Happy Birthday to the Dow Jones Industrial Average! 125 years young. What started as a 12-company index of industrial companies (hence the “Industrial” part of the Dow Jones Industrial Average) published on May 26, 1896 has grown into one of the most watched financial bellweathers in the world. It aims to represent the entire US stock market with just 30 publicly-traded American companies today. Check out the very cool map of who has been in and who has been out since the 30-name rule was set in 1928, courtesy of Visual Capitalist.
The DJIA serves as a quick pulse on the overall economy.
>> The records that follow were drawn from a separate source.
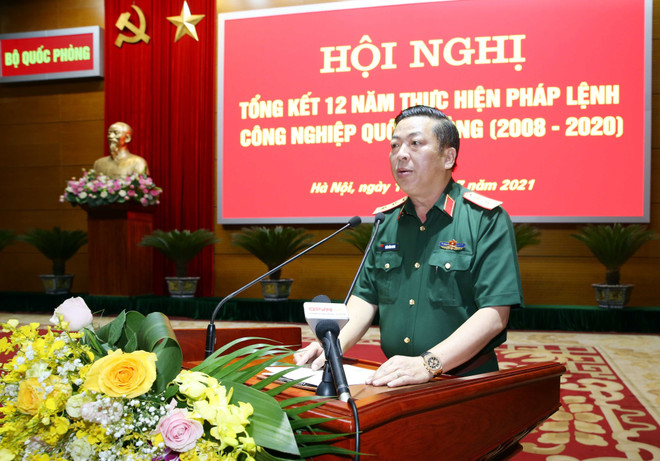 Trung tướng Trần Hồng Minh, Ủy viên Trung ương Đảng, Chủ nhiệm Tổng cục Công nghiệp Quốc phòng phát biểu. (Ảnh: Phạm Kiên/TTXVN) Phát triển nền Công nghiệp quốc phòng theo hướng hiện đại, lưỡng dụng ảnh 2
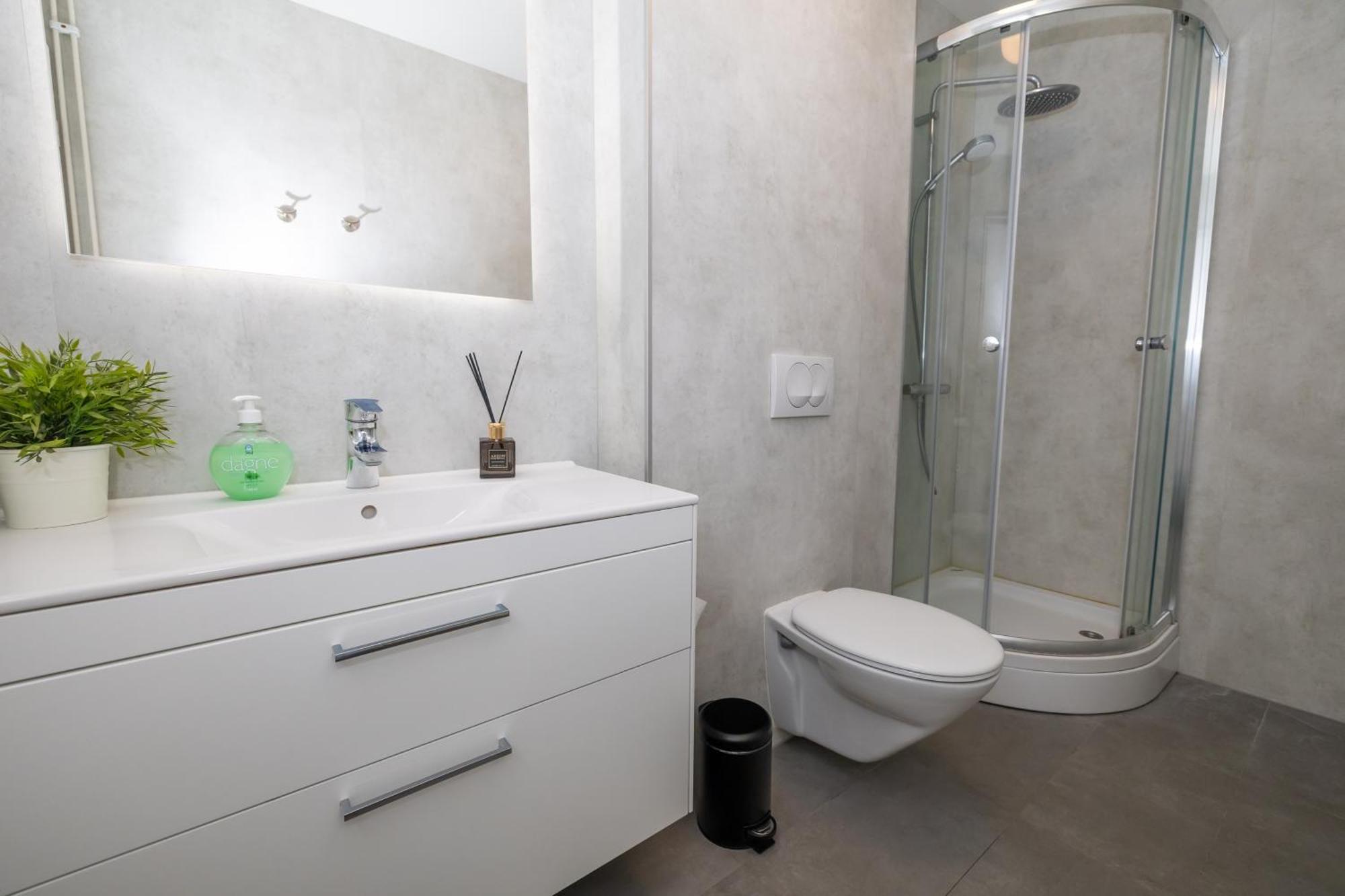 Charming Deluxe Apartment อาคูเรย์รี ห้อง รูปภาพ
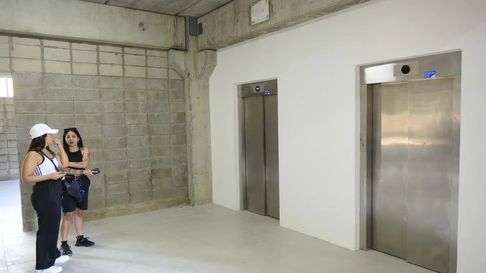 Gimnasia inauguró el ascensor de la Platea Néstor Basile en el Estadio Juan Carmelo Zerillo Gimnasia inauguró el ascensor de la Platea Néstor Basile en el Estadio Juan Carmelo Zerillo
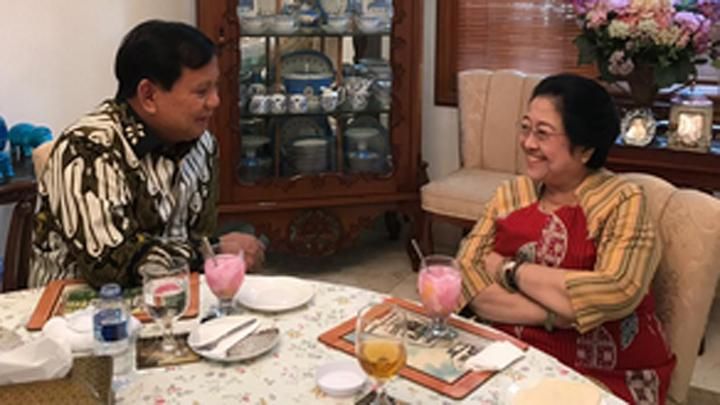 Ketua Umum PDIP Megawati Soekarnoputri dan Prabowo Subianto berbicara hangat ditemani es kelapa muda. Dok. Istimewa (Tempo.co)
When it was started, the health of its industrial companies served as a proxy for the health of the nation. The first 12 were:
American Tobacco | American Sugar | American Cotton Oil | Chicago Gas | General Electric | Distilling and Cattle Feeding | Laclede Gas | National Lead | North American | Tennessee Coal, Iron, and Railroad | U.S. Rubber | U.S. Leather
None of these names are included on the current list of 30. In fact, General Electric is the only name still around as a company! Everyone else was bought-up, merged out, or went out of business. Thankfully, the index is proactive and adaptive.
A committee evaluates what names best reflect the economic picture. Their goal is to keep up with the times while not making constant changes. The average length of time on the DJIA for the current 30 names is about 22 years, with Procter & Gamble being the longest-lasting name in the group since its addition in 1932. In the last 92 years, 93 changes have been made. It’s because of these changes that when many people refer to “The Market”, what they are actually talking about is the Dow Jones Industrial Average.
Happy Birthday, DJIA. I hope you chill out in your old age.